From legacy to autonomous rail

We have found that introducing autonomous systems to a network of human-operated systems creates complex and difficult-to-predict behaviours. Also, performance benefits might not be seen until there is a high prevalence of autonomous systems across a network.

Sunlight shining into Empty railway station platform

PhD student: Emily Morey

Supervisory  team: K. Galvin and R. E. Wilson

A mix of technologies

Transforming large-scale networks such as transport infrastructure from legacy human-operated technology to using better performing autonomous systems is a major challenge. The required scale of investment means a prolonged time of older, human-operated devices and incoming autonomous technology operating alongside each other.

This mixing of technologies creates complex interactions and behaviours that mean the transitional system performance does not simply reflect the balance of the old and new approaches. Understanding this is important to manage and monitor the introduction of autonomous technology to a legacy network.

We have investigated this transition by modelling the safety limits and operation of a rail system that includes human-operated and autonomous goods trains.

Rail network characteristics

We found that different types of rail networks have different characteristics:

Human operation

Human-operated trains require long safety margins of track due to being limited by trackside signal control and limited driver information. This caused networks to stall very quickly above a certain track density of trains.

Autonomous trains

Autonomous trains potentially have far shorter safety margins than human-operated trains through information sharing across a network. We found that a fully autonomous train network could more than double the flow rate of trains seen with human-operated trains only.

Mixed operation

Operating human-controlled and autonomous trains in a network leads to highly complex behaviours. Low numbers of autonomous trains are usually surrounded by human-operated trains, which limits their performance, while the legacy trains offer poorer performance as they become blocked by the autonomous systems. This means there is little increase in network performance until a large proportion of trains are autonomous.

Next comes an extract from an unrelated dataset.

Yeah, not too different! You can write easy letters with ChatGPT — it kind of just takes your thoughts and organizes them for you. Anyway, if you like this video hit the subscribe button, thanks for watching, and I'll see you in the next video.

This provides insight for managing the transition of any network from legacy towards autonomous systems:

  • Mixing technologies results in behaviours that are complex and difficult to predict;
  • The benefits of introducing autonomous systems into legacy networks might only be seen once a significant proportion of systems are autonomous;
  • The performance of a mixed-technology network might be improved by managing where new, autonomous technology is deployed. For example, with rail, separate clustering of autonomous and human-controlled trains helps avoid the performance of each being reduced by the mixing of technologies;
  • Simulations are essential for proving the safety and potential capacity of any proposed technology changes to legacy-based networks.

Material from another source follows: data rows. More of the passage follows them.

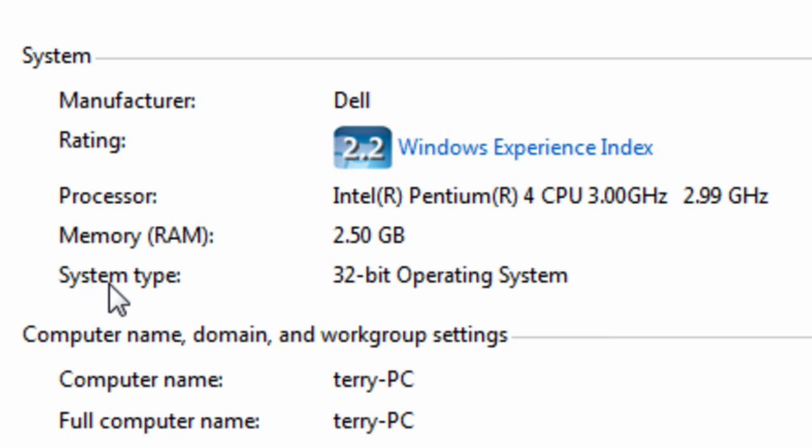As you can see, my system type is a 32-bit operating system. So now I know and you know what your bit rate is.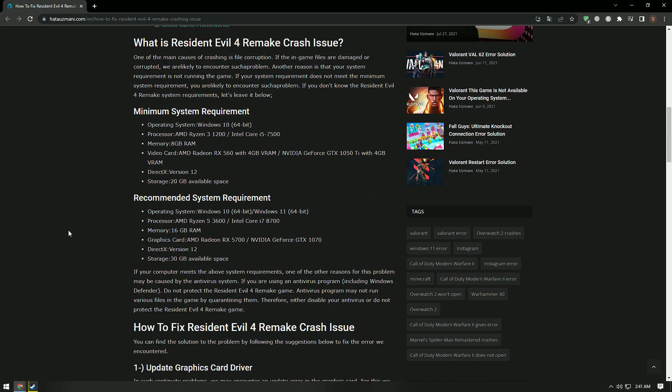One of the main causes of crashing is file corruption. If the in-game files are damaged or corrupted, we are likely to encounter such a problem. Another reason is that your system requirement is not running the game. If your system requirement does not meet the minimum system requirement, you are likely to encounter such a problem.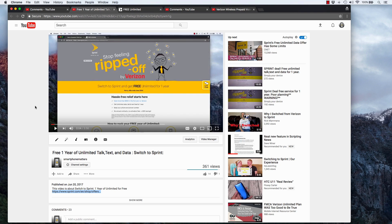Now they're doing this promotion to try and get new customers in the door. After that one year, you'll be on Sprint's unlimited talk, text, and data plan, and that costs $60.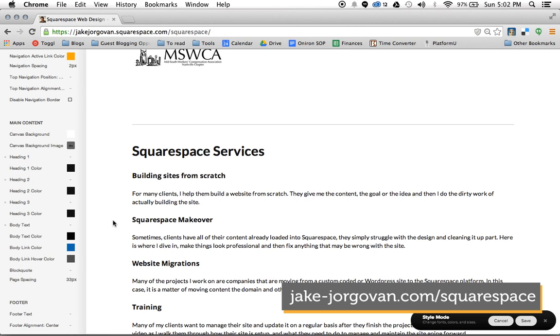If you need any further help on this, you can reach out to me on my website at jakejorgovan.com/squarespace.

The rich behaviour emerges despite having only two types of behaviour: fully human-controlled and fully autonomous. Real systems are far more diverse, with increasing levels of automation typically introduced over time. This greater diversity will only add to the complexity of operations.

Both the current and future work demonstrates the complexities that need to be navigated in a mixed-technology network before improved performance can be expected. Understanding this is critical to giving long-term confidence in investment decisions and in safety.